* [YOUR INSTRUCTIONS]: For the data below, give again exactly the lines from the one containing "Equipeu-vos bé i poseu-vos crema!☀️🩳🩱🥽🩴" through the one containing "#Organyà #fmorganya24 #tobogan", both ends included, and no others.

* [DATASET CONTENT]:
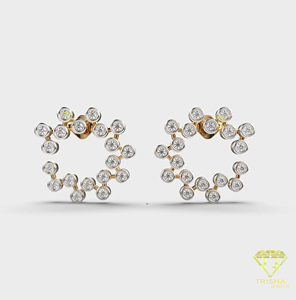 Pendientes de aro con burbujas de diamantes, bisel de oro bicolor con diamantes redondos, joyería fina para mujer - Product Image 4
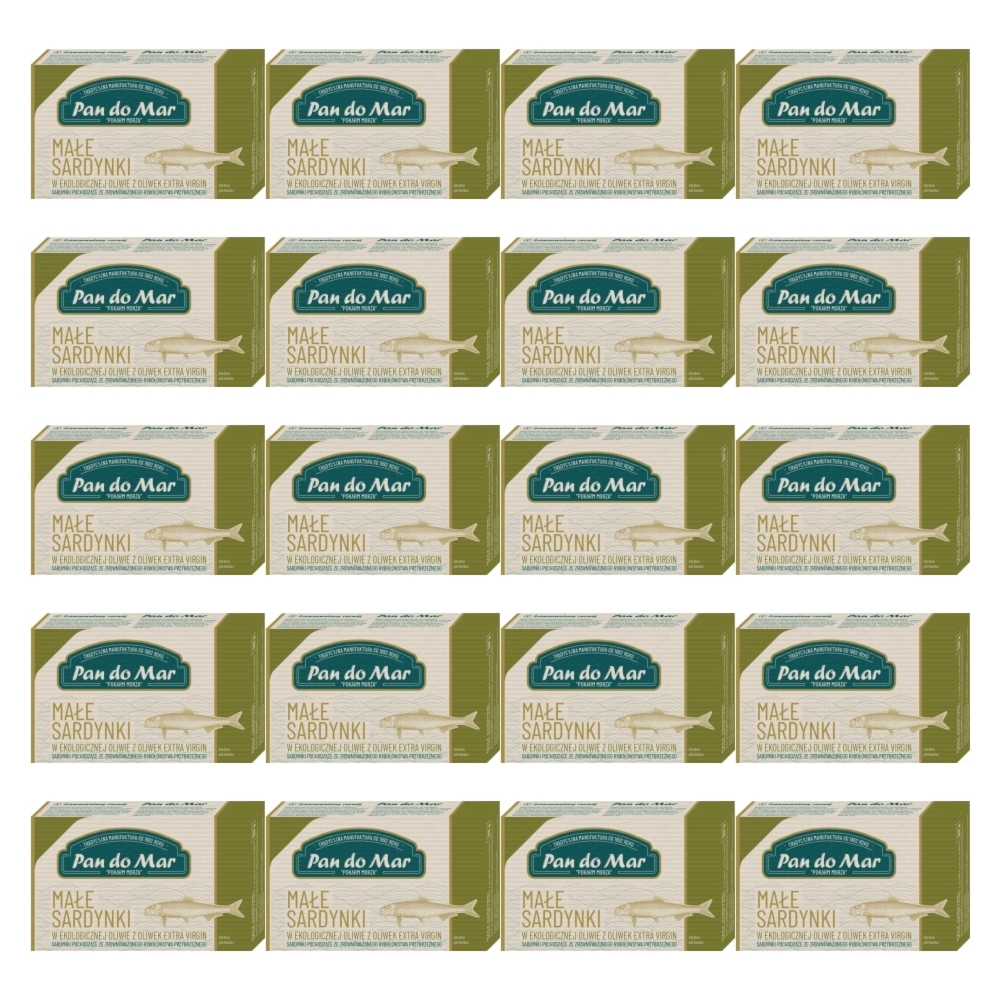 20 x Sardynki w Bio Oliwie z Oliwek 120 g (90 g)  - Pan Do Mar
--
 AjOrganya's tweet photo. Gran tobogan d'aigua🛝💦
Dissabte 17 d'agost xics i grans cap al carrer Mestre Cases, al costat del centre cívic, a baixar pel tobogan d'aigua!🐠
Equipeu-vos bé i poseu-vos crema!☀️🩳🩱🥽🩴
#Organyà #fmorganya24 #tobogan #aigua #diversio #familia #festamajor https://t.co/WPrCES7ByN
==
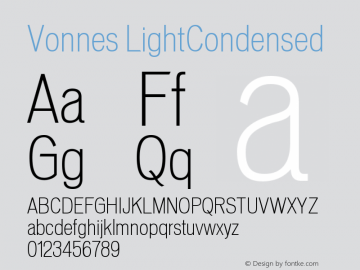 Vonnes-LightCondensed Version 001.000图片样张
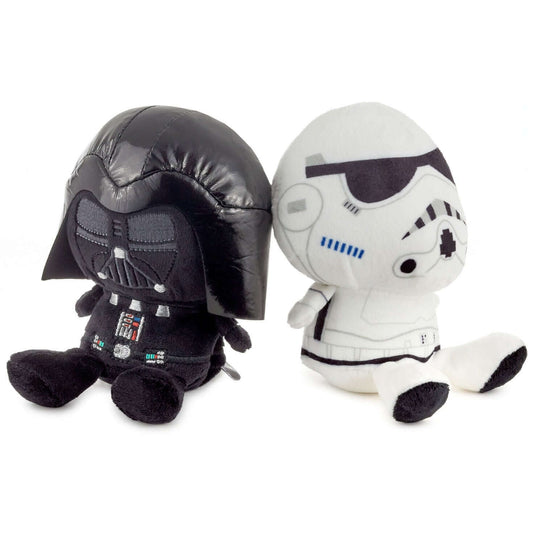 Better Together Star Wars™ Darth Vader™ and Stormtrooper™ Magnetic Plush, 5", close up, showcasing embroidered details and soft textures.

* [SOLUTION TO THIS TASK]:
Equipeu-vos bé i poseu-vos crema!☀️🩳🩱🥽🩴
#Organyà #fmorganya24 #tobogan #aigua #diversio #familia #festamajor https://t.co/WPrCES7ByN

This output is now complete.